Der Vorsitzende des SKM – Katholischer Verein für soziale Dienste in Osnabrück e.V., Franz-Josef Schwack, unterstreicht: „Die Planinsolvenz in Eigenverwaltung gibt uns die Möglichkeit, für die MÖWE eine Zukunftsperspektive zu finden. Wir wollen auch zukünftig Angebote für Menschen bieten, die es am Arbeitsmarkt schwer haben.“ Schwack berichtet, dass durch die Planinsolvenz die Löhne und Gehälter durch das Insolvenzgeld bis Juli gesichert sind. Die Leistungen der MÖWE für langzeitarbeitslose Menschen würden weiter angeboten.

Hotline für Mitarbeitende eingerichtet

„Wir haben direkt nach der Anmeldung der Planinsolvenz die hauptamtlichen Mitarbeitenden der MÖWE informiert“, erläutert Geschäftsführer Hans Bösken. „Da die MÖWE und ihre verschiedenen Abteilungen aufgrund der Corona-Krise nicht mit der vollen Mitarbeiterschaft zeitgleich besetzt ist und Versammlungen der Mitarbeiterschaft unter Berücksichtigung der Hygienevorgaben und des Gesundheitsschutzes nicht auszurichten sind, können wir einen Teil der Mitarbeitenden und der Maßnahmeteilnehmer nur schriftlich erreichen.

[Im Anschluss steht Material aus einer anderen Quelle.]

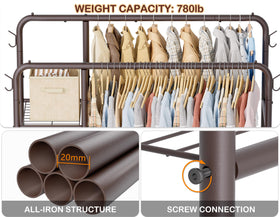 HOMIDEC Easy assembly with included tools and clear instructions.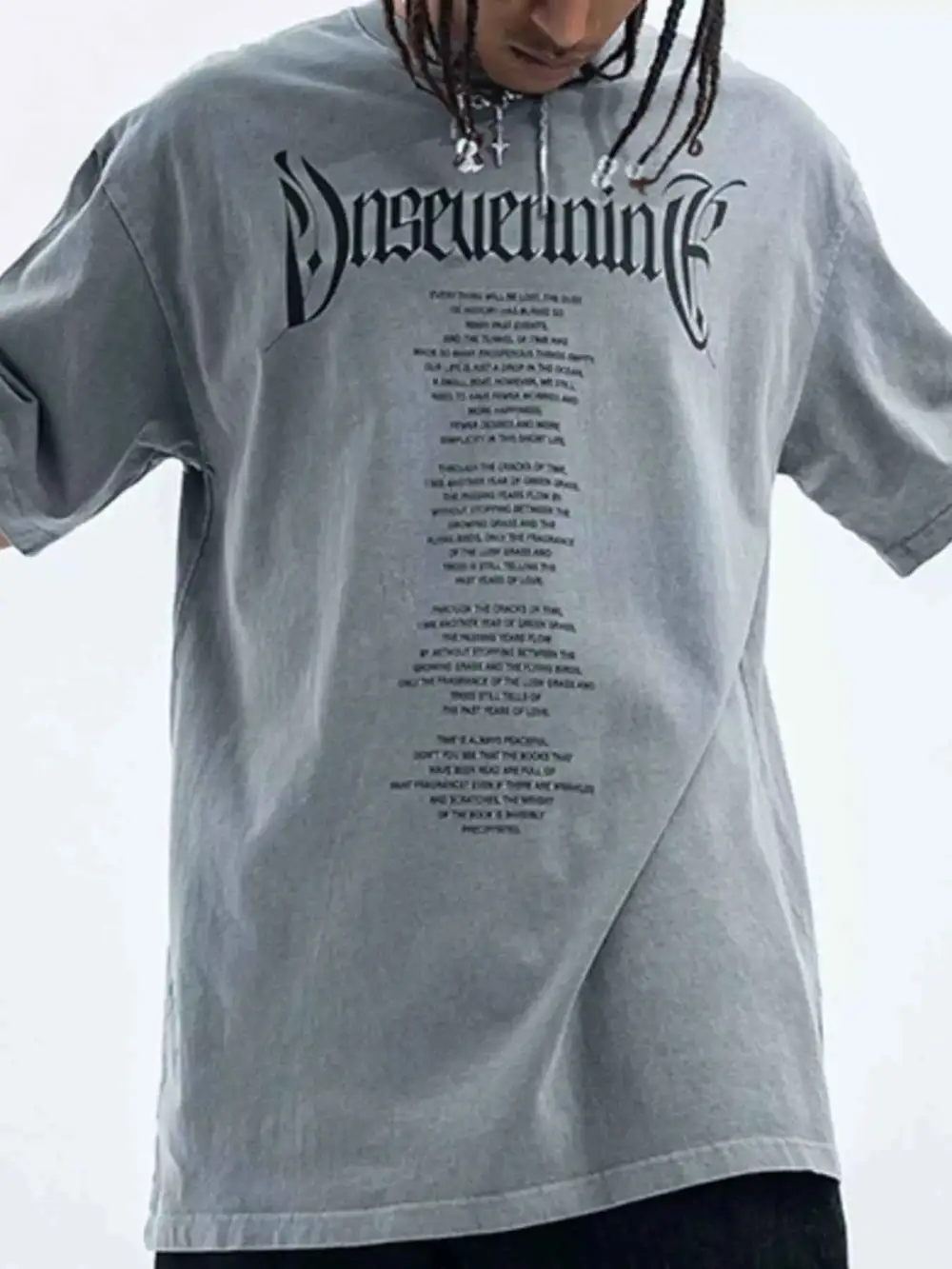 Short Sleeve Oversized T-Shirt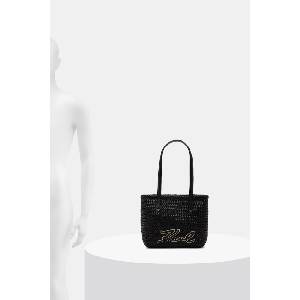 KARL LAGERFELD Чанта tote дамска от кожа K/SIGNATURE (B2W30206)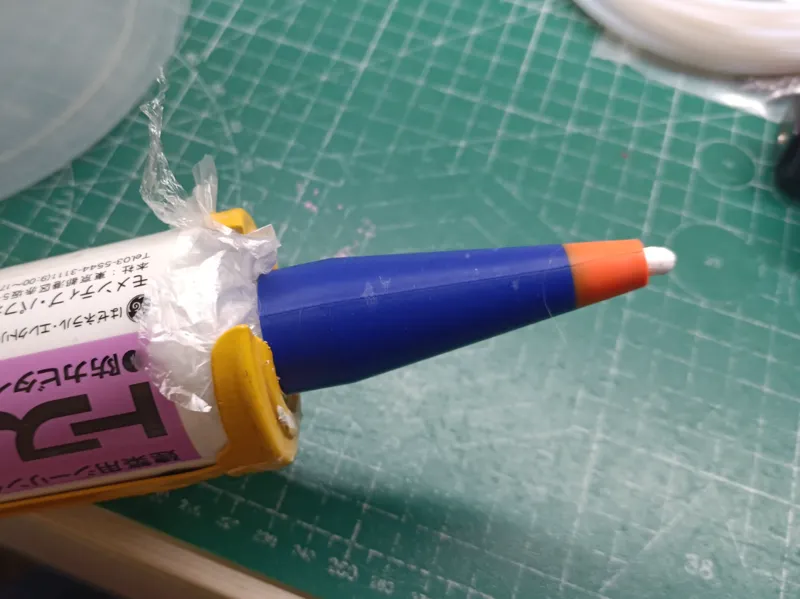 大口径玻璃胶嘴,密封胶嘴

Ihnen stehen wir selbstverständlich für Rückfragen zur Verfügung.“ Dazu habe die Geschäftsführung eine Hotline eingerichtet.

Finanziell auf Dauer nicht tragbar

Seit mehr als 30 Jahren ist die MÖWE aktiv, Menschen durch Qualifizierung, Förderung und Beschäftigung wieder in den ersten Arbeitsmarkt zu vermitteln. SKM Geschäftsführer Michael Strob als Vertreter des Gesellschafters beschreibt, dass diese Aufgabe in den vergangenen Jahren immer schwieriger wurde: „Ein sozialer Betrieb wie die MÖWE kann sich nicht selbstständig finanzieren, sondern ist auf Fördermittel angewiesen. Die Förderkulisse wurde in den letzten Jahren immer enger; zudem wurde durch die gute Arbeitsmarktlage die Zahl der zu betreuenden arbeitslosen Menschen geringer. Zuletzt haben wir mit unseren Angeboten eine Versorgungslücke im staatlichen System gefüllt, wurden dafür aber nicht entsprechend vergütet.“ Trotz einer nur symbolischen Miete in den genutzten Einrichtungen, trotz regelmäßiger Zuschüsse seitens des Gesellschafters, des Bistums Osnabrück und des Diözesan-Caritasverbandes sei die bilanzielle Überschuldung am Ende nicht mehr abwendbar gewesen. „Wir haben in den letzten zwei Jahren ein rigoroses Sparprogramm gefahren und alle Kollegen haben großartig mitgezogen“, berichtet Strob. Ziel war, das Angebot für arbeitslose Menschen möglichst umfangreich zu erhalten. „Das ist auch weiterhin unsere Perspektive“, unterstreichen Strob und Schwack.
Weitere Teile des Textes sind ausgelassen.